--- TASK PROMPT ---
Print, exactly as they stand, the lines below from the one that has "PAPILLON Allover Print" to the one that has "Vista 6 de Pearl", inclusive, leaving out the pictures.

--- DATA EXTRACTS ---
_ _ _ _ _ _ _

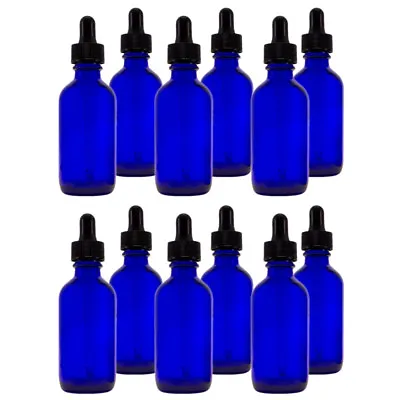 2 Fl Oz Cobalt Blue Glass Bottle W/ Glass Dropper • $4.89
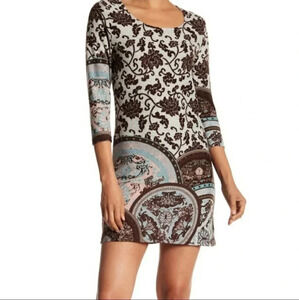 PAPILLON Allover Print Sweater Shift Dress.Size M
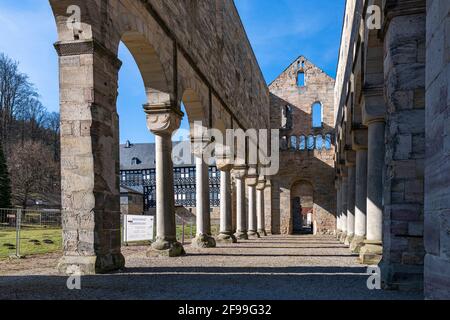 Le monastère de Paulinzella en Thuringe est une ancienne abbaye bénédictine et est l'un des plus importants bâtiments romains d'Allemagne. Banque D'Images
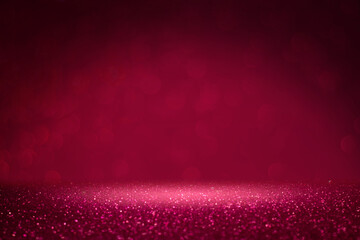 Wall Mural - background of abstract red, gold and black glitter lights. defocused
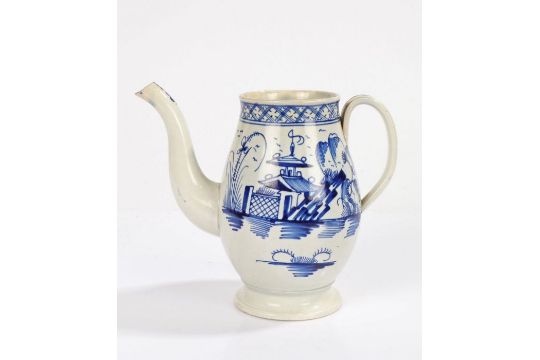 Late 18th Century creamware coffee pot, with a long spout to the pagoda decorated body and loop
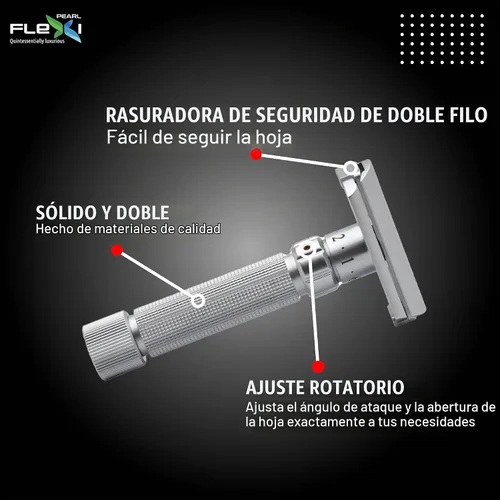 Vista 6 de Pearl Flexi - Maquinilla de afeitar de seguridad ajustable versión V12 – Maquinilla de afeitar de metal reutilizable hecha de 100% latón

_ _ _ _ _ _ _

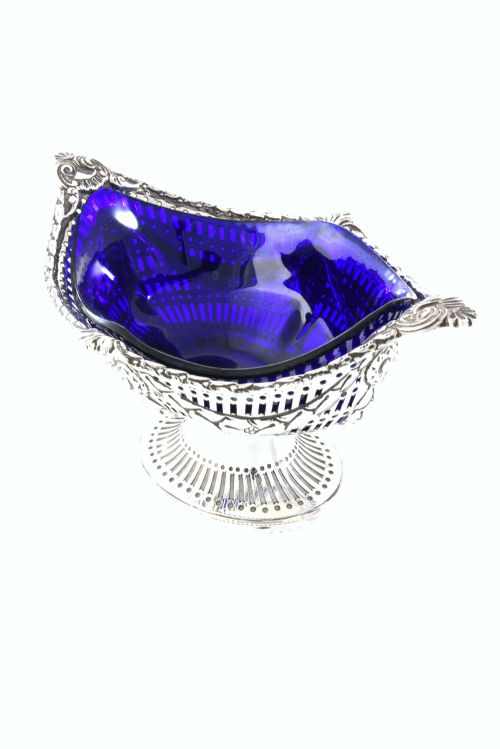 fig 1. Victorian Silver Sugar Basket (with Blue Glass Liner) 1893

_ _ _ _ _ _ _

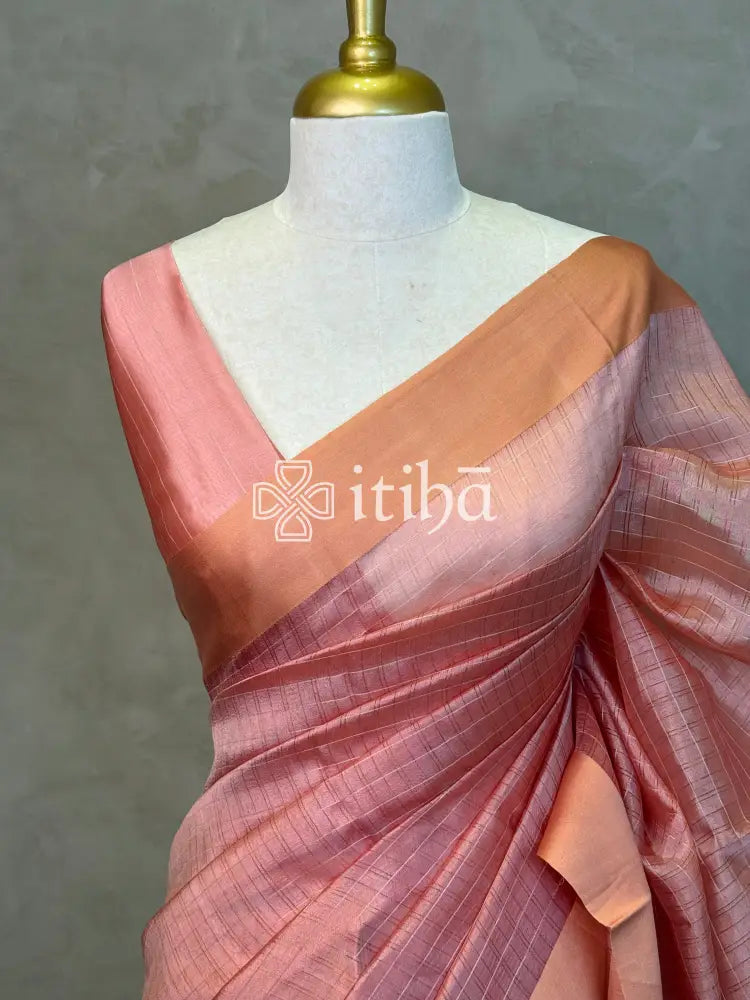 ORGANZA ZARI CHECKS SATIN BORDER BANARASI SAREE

_ _ _ _ _ _ _

--- SOLUTION TO THE PROBLEM ---
 PAPILLON Allover Print Sweater Shift Dress.Size M
 Le monastère de Paulinzella en Thuringe est une ancienne abbaye bénédictine et est l'un des plus importants bâtiments romains d'Allemagne. Banque D'Images
 Wall Mural - background of abstract red, gold and black glitter lights. defocused
 Late 18th Century creamware coffee pot, with a long spout to the pagoda decorated body and loop
 Vista 6 de Pearl Flexi - Maquinilla de afeitar de seguridad ajustable versión V12 – Maquinilla de afeitar de metal reutilizable hecha de 100% latón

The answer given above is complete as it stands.